**DIRECTIONS FOR THIS TASK:** Check every line of the entries below for the word "Resistant". Then give the number of lines that have it, with nothing added.

Caption-style text data:
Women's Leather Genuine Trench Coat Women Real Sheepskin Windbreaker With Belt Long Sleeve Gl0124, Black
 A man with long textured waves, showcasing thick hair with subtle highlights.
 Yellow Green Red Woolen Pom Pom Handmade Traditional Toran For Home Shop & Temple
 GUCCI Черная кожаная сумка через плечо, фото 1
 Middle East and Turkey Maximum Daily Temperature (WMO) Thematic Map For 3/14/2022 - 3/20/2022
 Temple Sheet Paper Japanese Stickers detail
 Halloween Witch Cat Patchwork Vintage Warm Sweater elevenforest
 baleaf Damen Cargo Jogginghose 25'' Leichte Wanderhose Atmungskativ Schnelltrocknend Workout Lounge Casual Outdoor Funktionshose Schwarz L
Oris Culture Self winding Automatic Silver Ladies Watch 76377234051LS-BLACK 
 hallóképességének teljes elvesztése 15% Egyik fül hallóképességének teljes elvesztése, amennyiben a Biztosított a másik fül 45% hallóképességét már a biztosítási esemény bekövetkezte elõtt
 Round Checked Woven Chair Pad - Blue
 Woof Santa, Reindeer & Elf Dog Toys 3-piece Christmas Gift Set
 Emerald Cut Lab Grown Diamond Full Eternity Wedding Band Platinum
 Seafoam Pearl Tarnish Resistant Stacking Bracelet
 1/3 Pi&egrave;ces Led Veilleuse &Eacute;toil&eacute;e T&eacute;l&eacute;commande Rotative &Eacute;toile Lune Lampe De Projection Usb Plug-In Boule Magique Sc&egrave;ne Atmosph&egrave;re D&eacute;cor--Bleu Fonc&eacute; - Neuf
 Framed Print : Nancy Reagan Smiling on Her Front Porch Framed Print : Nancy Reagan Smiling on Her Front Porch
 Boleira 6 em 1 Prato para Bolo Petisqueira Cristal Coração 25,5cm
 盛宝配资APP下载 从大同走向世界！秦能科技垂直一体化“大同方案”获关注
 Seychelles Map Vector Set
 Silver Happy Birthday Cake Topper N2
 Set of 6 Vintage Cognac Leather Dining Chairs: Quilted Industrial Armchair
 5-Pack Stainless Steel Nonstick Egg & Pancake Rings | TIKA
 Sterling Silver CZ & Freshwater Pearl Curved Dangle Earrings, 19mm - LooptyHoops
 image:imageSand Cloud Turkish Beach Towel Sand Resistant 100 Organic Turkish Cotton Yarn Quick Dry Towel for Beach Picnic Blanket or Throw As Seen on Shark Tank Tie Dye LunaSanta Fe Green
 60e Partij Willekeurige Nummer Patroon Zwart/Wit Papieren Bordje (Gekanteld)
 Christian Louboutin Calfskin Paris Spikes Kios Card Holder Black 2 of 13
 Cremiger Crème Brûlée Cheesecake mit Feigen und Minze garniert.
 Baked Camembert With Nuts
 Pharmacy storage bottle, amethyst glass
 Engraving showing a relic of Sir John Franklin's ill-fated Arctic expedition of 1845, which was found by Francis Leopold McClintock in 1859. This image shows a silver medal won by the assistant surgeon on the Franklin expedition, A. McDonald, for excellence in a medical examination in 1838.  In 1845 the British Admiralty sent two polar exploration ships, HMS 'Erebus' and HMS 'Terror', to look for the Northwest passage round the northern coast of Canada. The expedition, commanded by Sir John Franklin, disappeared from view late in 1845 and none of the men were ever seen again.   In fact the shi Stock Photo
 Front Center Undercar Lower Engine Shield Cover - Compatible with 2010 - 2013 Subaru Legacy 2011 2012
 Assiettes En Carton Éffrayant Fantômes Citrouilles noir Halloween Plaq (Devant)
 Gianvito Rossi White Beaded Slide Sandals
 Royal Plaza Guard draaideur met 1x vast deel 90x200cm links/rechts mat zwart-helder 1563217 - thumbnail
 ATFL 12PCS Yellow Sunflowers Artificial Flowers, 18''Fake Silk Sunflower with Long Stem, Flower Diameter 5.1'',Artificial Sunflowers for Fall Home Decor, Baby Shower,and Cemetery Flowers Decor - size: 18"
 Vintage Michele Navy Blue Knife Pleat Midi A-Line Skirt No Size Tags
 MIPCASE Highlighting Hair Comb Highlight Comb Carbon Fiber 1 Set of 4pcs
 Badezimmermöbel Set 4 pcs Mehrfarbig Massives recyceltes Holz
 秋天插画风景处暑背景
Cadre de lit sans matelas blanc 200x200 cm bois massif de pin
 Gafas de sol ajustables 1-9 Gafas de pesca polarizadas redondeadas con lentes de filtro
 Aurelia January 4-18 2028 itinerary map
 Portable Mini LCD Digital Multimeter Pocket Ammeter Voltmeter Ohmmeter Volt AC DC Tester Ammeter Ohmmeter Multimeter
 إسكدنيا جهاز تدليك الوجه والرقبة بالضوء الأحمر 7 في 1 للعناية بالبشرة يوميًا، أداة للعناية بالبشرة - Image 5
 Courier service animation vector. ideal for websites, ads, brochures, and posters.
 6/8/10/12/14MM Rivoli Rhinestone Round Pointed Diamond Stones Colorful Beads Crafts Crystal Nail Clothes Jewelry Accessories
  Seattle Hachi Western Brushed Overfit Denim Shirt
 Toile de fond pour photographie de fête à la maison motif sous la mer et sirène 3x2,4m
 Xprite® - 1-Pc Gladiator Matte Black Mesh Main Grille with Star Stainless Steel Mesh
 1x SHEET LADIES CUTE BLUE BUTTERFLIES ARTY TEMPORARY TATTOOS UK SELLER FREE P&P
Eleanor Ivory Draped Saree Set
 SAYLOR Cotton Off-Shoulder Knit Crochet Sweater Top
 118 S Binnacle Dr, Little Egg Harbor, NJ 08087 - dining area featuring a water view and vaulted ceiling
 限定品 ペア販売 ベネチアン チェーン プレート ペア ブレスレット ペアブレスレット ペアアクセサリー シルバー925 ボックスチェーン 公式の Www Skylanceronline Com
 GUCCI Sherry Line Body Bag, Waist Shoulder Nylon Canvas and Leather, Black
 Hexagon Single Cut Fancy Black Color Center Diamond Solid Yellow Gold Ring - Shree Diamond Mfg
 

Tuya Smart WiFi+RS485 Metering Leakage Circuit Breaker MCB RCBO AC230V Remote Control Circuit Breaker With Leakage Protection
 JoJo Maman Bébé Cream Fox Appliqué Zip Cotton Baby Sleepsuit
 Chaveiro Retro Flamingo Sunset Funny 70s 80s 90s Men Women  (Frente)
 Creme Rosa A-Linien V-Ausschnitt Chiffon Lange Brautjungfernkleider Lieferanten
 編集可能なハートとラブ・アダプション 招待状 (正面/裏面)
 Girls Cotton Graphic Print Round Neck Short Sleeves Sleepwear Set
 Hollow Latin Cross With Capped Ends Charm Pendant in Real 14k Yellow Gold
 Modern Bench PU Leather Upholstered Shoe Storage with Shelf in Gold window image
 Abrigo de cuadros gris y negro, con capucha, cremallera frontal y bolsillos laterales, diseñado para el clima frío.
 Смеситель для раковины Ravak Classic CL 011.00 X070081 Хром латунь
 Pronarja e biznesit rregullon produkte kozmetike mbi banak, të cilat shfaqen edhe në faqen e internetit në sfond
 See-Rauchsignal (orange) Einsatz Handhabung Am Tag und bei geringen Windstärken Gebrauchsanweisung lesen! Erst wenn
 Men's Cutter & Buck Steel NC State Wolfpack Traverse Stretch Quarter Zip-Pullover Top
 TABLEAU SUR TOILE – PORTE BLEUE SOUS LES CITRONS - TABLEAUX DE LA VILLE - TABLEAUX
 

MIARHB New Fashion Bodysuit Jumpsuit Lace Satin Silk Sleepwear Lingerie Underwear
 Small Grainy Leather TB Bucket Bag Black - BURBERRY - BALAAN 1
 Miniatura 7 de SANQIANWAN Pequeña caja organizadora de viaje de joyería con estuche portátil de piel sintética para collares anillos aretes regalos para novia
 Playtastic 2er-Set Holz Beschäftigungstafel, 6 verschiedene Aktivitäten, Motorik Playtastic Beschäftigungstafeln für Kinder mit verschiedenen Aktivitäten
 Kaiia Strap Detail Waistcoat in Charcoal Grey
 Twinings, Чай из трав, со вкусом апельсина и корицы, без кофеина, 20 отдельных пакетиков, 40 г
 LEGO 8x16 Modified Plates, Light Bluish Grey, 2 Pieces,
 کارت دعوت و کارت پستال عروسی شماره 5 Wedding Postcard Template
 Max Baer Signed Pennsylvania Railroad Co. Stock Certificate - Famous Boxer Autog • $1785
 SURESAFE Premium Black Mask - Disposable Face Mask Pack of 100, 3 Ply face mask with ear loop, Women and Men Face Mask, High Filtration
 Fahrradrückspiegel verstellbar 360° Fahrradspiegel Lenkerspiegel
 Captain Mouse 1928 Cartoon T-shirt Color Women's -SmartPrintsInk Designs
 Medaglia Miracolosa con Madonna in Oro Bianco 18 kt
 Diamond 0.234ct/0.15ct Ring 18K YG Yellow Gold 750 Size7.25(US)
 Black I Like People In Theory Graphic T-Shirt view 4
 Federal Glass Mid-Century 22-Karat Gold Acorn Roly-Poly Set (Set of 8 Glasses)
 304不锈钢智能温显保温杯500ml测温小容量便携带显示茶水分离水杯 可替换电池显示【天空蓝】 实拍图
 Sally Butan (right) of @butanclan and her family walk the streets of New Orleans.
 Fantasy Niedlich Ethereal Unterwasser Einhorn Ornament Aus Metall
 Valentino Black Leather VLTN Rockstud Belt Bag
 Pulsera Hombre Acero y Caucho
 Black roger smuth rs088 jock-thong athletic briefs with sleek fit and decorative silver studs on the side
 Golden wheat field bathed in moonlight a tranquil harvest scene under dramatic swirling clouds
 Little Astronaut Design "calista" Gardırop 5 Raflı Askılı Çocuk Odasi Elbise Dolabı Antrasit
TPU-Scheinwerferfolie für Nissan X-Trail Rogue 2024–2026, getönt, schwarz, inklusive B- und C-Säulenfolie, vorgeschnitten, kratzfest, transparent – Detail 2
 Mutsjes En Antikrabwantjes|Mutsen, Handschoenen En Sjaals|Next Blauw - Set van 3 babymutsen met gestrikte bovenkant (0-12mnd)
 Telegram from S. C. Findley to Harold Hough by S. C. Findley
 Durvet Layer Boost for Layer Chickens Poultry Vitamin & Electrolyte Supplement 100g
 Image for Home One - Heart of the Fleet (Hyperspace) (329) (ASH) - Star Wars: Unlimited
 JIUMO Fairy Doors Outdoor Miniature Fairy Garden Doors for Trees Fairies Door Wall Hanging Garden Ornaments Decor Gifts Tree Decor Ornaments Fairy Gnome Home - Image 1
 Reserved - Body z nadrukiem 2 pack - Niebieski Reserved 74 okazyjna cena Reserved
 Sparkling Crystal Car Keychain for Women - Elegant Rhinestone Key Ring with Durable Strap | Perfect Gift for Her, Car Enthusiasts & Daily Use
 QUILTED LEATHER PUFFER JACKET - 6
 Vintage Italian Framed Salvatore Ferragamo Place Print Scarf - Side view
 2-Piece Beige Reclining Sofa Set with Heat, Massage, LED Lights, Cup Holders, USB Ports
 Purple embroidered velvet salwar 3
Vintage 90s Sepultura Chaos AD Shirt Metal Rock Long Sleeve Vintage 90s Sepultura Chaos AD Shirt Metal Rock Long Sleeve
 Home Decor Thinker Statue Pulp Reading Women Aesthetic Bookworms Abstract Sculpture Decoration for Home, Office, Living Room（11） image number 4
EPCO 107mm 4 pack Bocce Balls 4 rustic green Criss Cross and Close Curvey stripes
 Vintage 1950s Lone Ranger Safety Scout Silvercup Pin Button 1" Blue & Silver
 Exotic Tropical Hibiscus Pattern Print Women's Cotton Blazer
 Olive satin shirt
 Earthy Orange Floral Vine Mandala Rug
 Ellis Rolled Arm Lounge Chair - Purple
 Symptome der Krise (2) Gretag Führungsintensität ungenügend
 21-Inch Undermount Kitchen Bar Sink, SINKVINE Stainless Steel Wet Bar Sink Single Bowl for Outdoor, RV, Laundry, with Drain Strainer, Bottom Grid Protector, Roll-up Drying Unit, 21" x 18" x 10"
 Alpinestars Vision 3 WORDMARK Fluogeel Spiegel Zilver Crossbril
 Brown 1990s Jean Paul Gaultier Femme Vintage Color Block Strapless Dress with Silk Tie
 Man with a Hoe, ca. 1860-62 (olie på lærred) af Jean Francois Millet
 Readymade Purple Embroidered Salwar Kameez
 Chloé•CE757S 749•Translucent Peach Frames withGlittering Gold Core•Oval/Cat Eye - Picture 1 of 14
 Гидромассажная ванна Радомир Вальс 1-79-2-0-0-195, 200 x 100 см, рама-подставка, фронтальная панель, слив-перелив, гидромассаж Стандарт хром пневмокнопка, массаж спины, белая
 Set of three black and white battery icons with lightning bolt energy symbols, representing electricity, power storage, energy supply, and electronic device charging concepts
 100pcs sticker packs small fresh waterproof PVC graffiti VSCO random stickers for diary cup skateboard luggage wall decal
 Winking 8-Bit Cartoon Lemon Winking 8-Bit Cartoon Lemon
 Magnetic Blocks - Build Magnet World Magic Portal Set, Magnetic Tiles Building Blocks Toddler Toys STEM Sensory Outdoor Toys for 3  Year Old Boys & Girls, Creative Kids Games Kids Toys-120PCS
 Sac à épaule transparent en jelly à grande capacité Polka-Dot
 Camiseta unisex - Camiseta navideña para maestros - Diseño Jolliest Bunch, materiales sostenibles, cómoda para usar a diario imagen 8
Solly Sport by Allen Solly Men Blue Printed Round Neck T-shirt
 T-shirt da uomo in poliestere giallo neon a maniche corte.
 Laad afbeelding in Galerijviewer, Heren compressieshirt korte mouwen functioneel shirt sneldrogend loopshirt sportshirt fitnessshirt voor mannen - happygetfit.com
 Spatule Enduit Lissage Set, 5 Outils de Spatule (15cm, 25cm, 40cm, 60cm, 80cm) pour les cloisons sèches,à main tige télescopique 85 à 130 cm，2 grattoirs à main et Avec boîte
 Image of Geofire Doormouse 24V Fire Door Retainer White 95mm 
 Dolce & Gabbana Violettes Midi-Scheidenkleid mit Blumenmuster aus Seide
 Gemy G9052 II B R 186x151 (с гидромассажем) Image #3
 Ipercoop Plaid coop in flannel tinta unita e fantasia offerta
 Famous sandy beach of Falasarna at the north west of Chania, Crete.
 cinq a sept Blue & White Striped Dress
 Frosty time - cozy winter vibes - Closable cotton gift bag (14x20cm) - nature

**WRITTEN REPLY:** 2